わたしは生きていくうえで必要な協調性は持ち合わせているけれど、ひとりの時間がないとダメなタイプだ。自分でコントロールできない環境に身を置き続けたときのストレスは大きい。
赤子時代は、「予測不可能」で「コントロール不可能」な赤子込みで自分の生活を考えられていた。しかし、徐々に母と子が分離していくなかで、母ではない「わたし」の割合が大きくなったのだろう。それなのに、子どもはまだまだ子どもだから、離れたと思ったら「構ってよ」とくっつく。その変動に振り回され、自分のペースがかき乱されることに、わたしはストレスを感じているのだと思う。

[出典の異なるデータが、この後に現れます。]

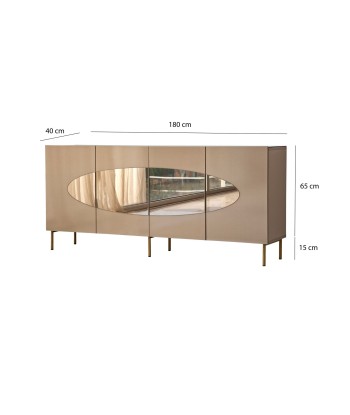 Comoda din MDF si plastic, cu 4 usi, Lago Auriu / Alama, l180xA40xH80 cm ouvre sa boutique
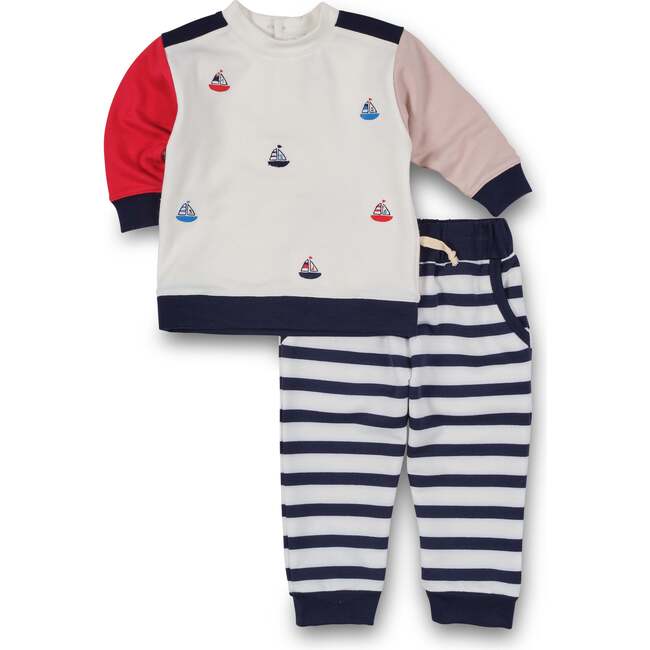 French Terry Knit Set With Saliboats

言葉でやりとりができるのは、相互理解をするうえで便利だ。けれども、言葉でやりとりができるゆえに「わかってくれたはずではなかったの?」という独りよがりな感情が芽生えるのかもしれない。
甘えからか、子どもたちはわたしの注意や叱責を右から左に受け流す。「言っていることをわかっているくせに」という苛立ちと、「わたし」の領域にドカドカ踏み入れられて乱暴に扱われることへのもやもやが、わたしを追い詰めるのだろう。
母である「わたし」のときには、それほどストレスを感じない。精神的につらさを感じるのは、ただの「わたし」として過ごしているときに強制的に母スイッチを入れられる瞬間であるように思う。
「子どもなんだから仕方がないよね」と赤子時代のようにすとんと受け入れるには、まだまだわたしの精神は未熟だということだ。かき乱されて、イライラして、「勘弁して…」と嘆いて。それでも子どもはノンストップで成長していく。わたしも人として成長しなければなあ。
コントロールできない状態で、いかに自分を保ち健やかに生きていくのか。子育ては、そんな修行でもあるように思う。